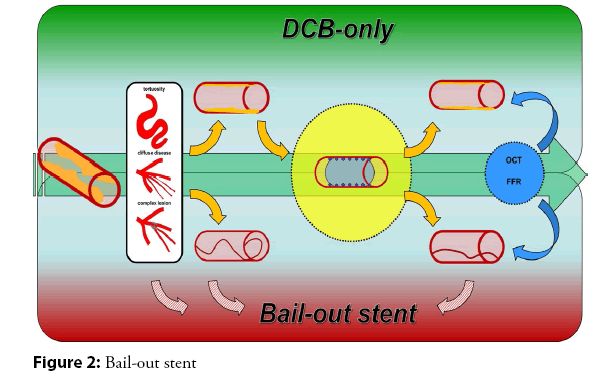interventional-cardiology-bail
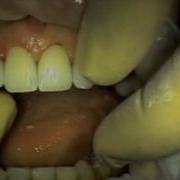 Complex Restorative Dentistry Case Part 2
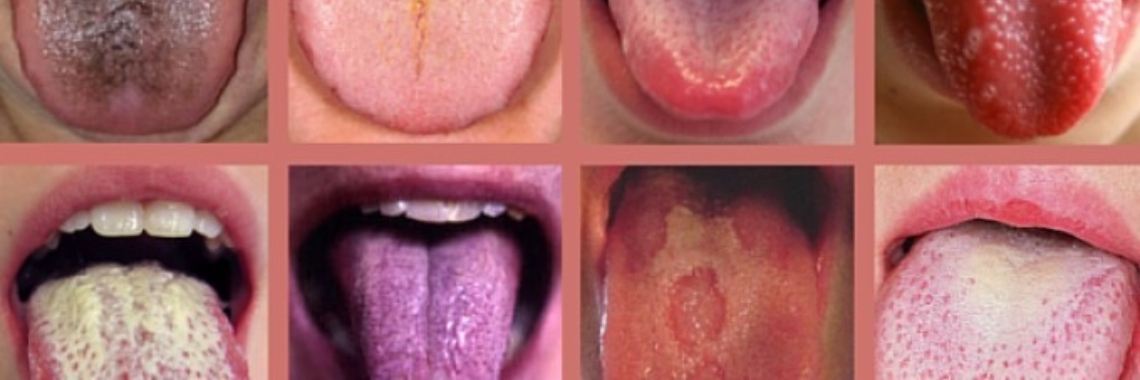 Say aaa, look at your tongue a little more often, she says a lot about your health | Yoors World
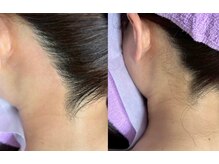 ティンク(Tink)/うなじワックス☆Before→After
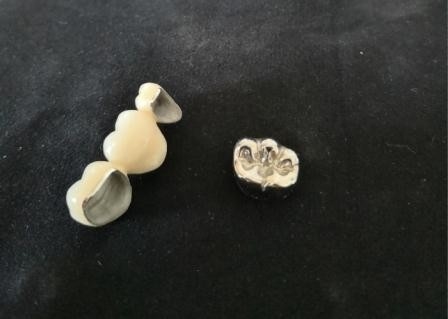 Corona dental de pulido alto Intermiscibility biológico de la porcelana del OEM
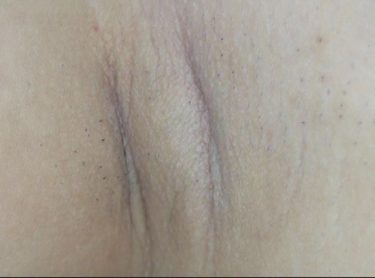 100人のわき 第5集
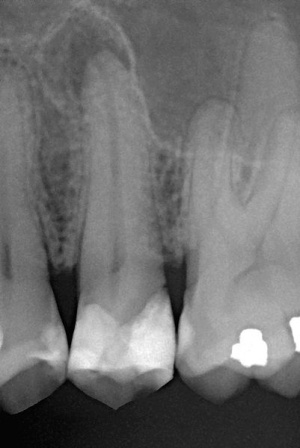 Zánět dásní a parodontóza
* * *
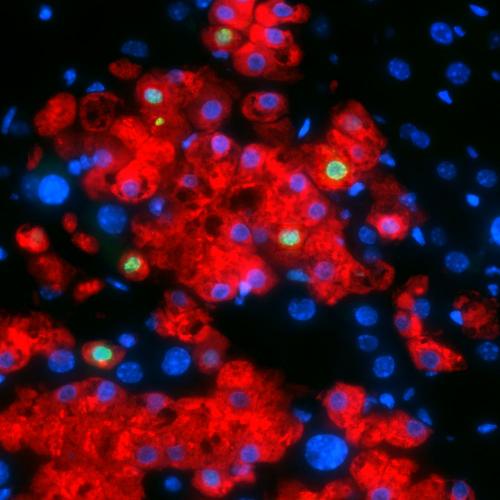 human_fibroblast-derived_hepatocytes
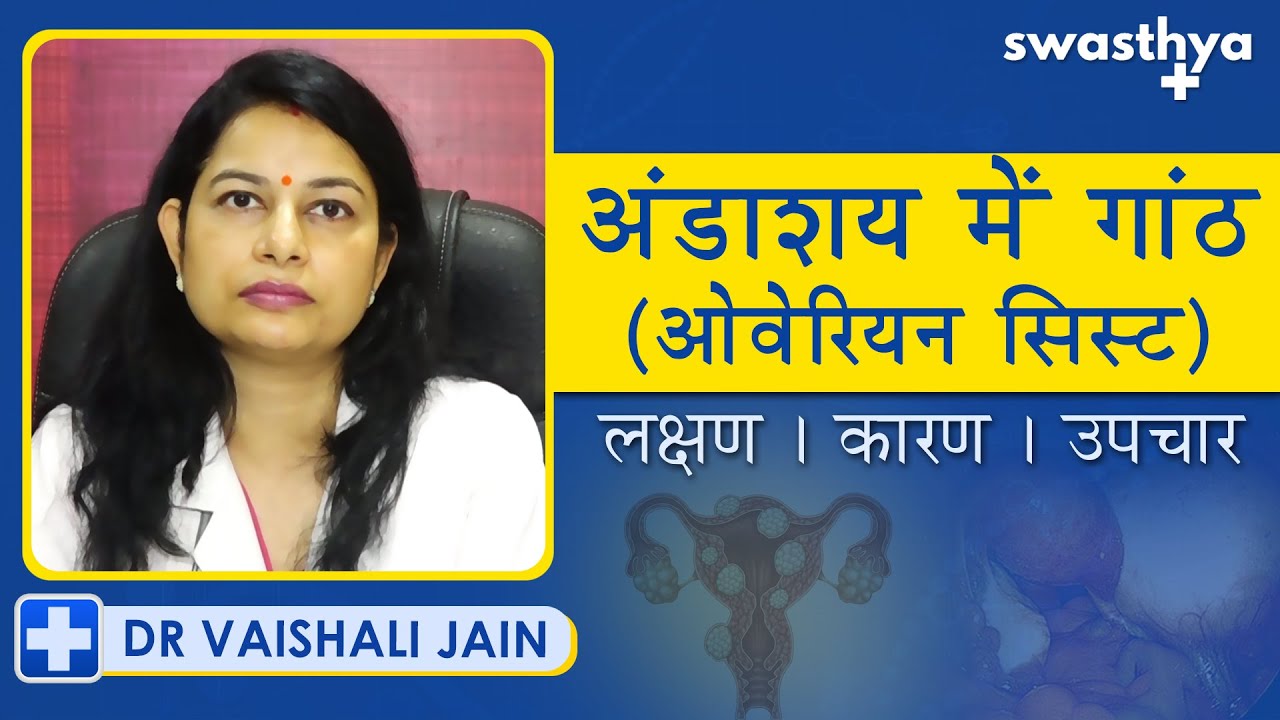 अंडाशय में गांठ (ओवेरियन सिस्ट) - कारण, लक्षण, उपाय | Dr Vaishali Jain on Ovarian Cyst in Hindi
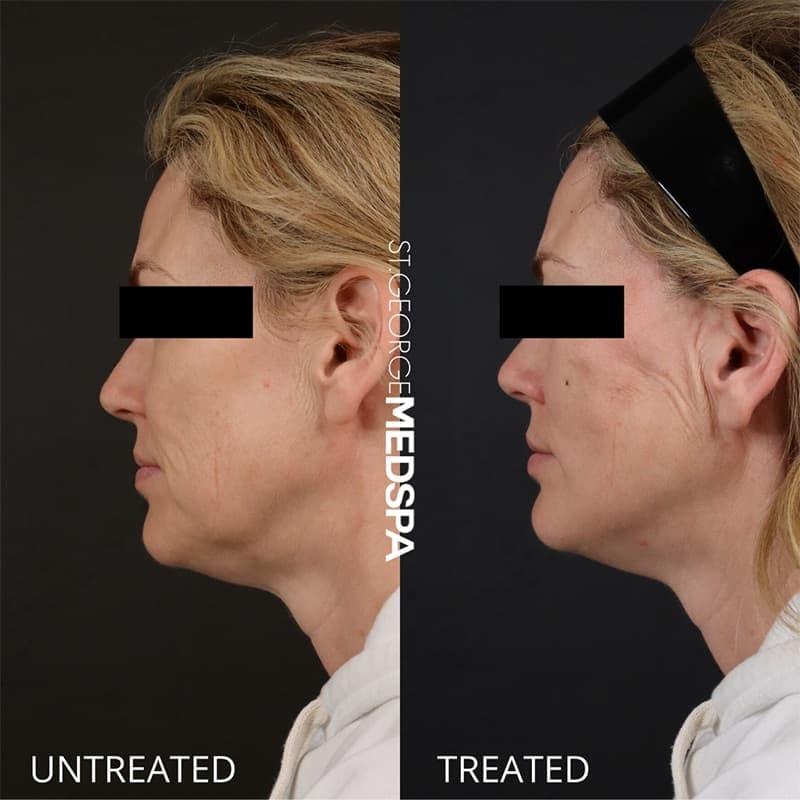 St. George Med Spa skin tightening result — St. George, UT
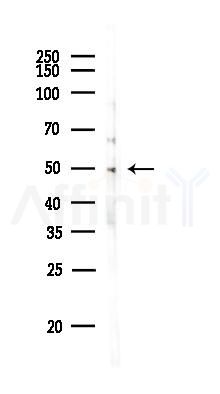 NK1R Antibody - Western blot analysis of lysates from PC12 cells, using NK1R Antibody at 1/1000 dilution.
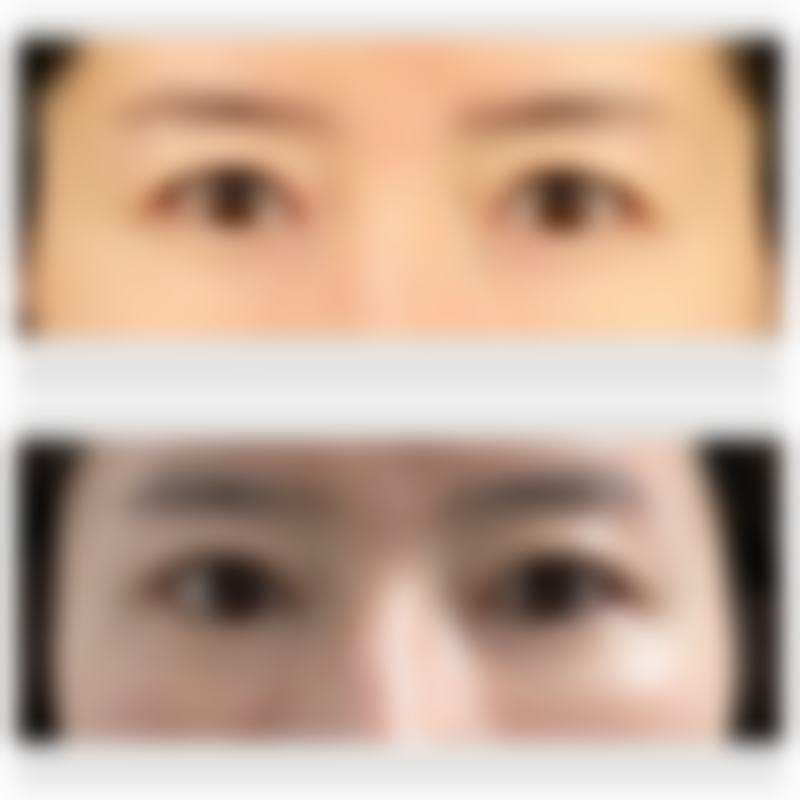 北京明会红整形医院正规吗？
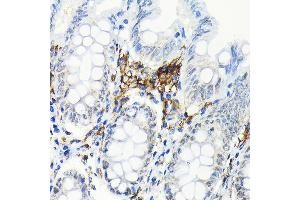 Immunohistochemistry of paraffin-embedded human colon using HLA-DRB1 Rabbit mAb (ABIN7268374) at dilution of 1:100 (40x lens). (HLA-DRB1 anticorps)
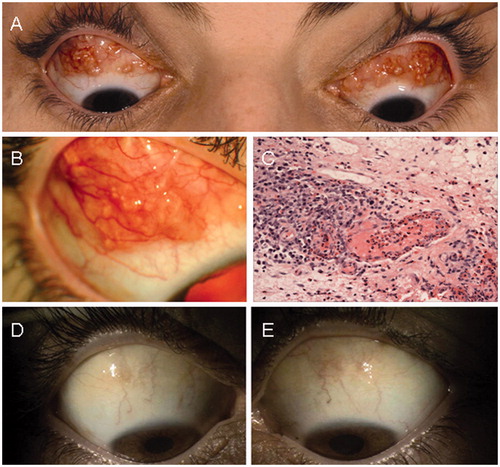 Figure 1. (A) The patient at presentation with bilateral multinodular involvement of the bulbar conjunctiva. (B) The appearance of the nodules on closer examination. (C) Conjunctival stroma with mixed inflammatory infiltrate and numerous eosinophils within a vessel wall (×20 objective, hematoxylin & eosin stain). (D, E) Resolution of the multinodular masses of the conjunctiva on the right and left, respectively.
--
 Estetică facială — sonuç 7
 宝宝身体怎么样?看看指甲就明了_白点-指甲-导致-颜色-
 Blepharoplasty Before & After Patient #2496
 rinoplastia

» Task requirements: Could you transcribe exactly the entries above, but only the lines from the one with "Corona dental de" through the one with "Zánět dásní a parodontóza", and without pictures?

» Task answer:
 Corona dental de pulido alto Intermiscibility biológico de la porcelana del OEM
 100人のわき 第5集
 Zánět dásní a parodontóza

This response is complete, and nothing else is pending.